The Federal Communications Commission (FCC) received a mostly favorable review from the Government Accountability Office (GAO) on how the agency is proceeding with improving broadband service access maps, but GAO also flagged that the FCC will face technological challenges with integrating disparate sources of broadband service location data.
Many people in the U.S. still don’t have reliable broadband internet access, and Federal efforts to bridge the digital divide rely heavily on data that the FCC collects from broadband service providers to determinate accurate broadband service maps.
In 2017, the FCC launched efforts to improve the accuracy of its broadband deployment data. Toward that end, in 2020 – with guidance from the Broadband Deployment Accuracy and Technological Availability Act – the FCC began work to create a database of U.S. locations that either are, or could be, served by broadband, which will allow for more precise assessments of where broadband service is lacking, GAO said in a September 28 report.
The report explains that the FCC has in the past measured broadband deployment by counting an entire census block as served if a provider reports that it offers service to at least one location in the census block. But this method can overplay the extent of broadband deployment – if the data showed that a census block has broadband, there was a likelihood that not all locations in the census block are served.
Getting granular and highly accurate data is crucial because Federal, state, local, and tribal governments use broadband maps to decide where service is needed, and how to fund broadband service expansions.

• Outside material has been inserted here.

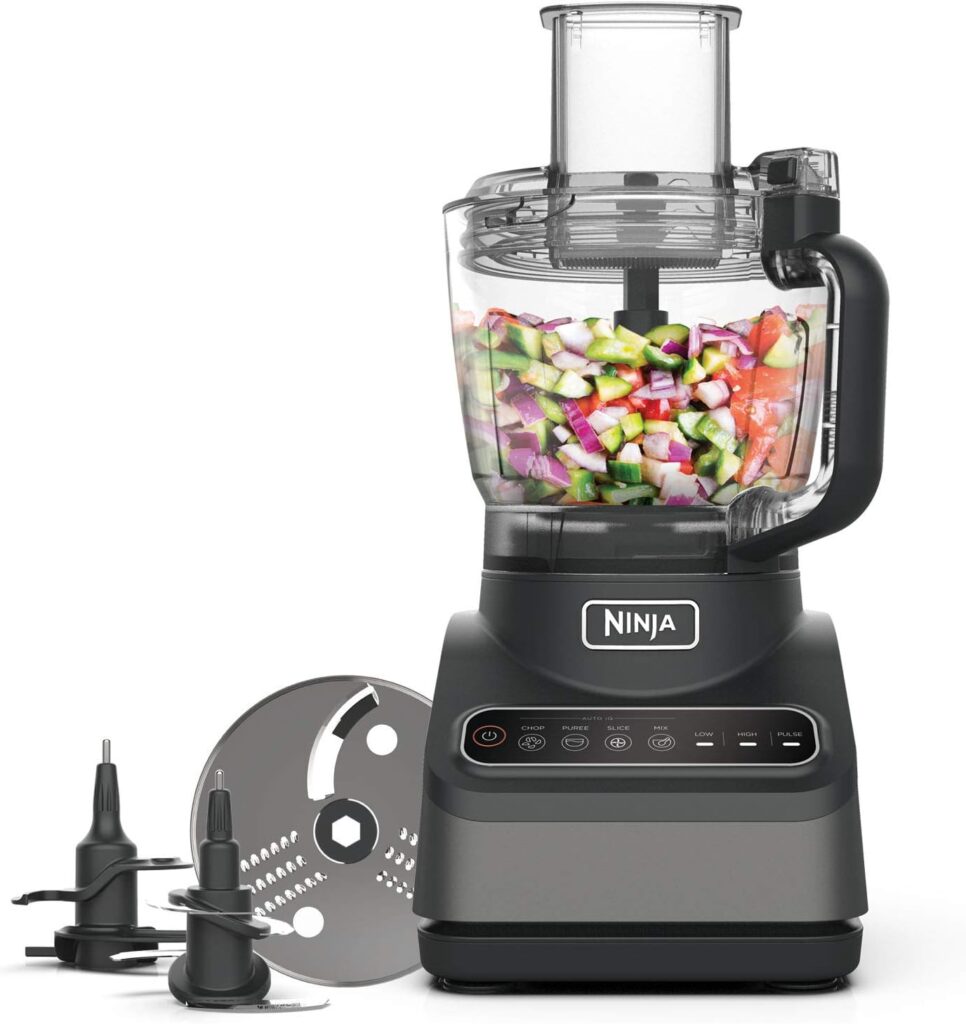 Ninja Food Processor with 4 Automatic Programs; Chop, Puree, Slice, Mix, and 3 Manual Speeds, 2.1L Bowl, Chopping, Slicing Dough Blades, 850W, Dishwasher Safe Parts, Black BN650UK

“The purpose of this data collection effort is to improve the granularity and precision of FCC’s broadband deployment mapping, which will allow FCC to assess where people still lack broadband access more precisely,” the GAO report says.
The government watchdog agency found that the FCC has taken reasonable steps to implement the 2020 law to “create a location fabric, which is a dataset of all locations or structures in the U.S. that could be served by broadband, over which broadband deployment data can be overlaid.”
To start, the agency hired a data architect to help with the database. The FCC also issued a request for proposals for a product to meet its location database needs. This vendor for that project also will be responsible for developing a process for state, local, and tribal entities to question and correct fabric location data to improve their accuracy, as required by the law.
However, GAO also talked about a key challenge faced by the FCC in dealing with the limitations of location data, and the challenge of integrating disparate data sources.
According to data companies, broadband providers, and telecommunications industry associations that GAO interviewed, no single dataset is sufficient for developing a database of all locations in the U.S. where providers could provide broadband service. To address this challenge, the FCC must integrate multiple types of data.
The parties interviewed by GAO identified four key data types that each have advantages and limitations including with completeness, accuracy, and consistency of data. Those data types include parcel data, county property tax assessor data, building footprint data, and address data.
When combined in various ways, those datasets can create a database of all serviceable locations, and having a combination of data types would help address limitations with the data, GAO said.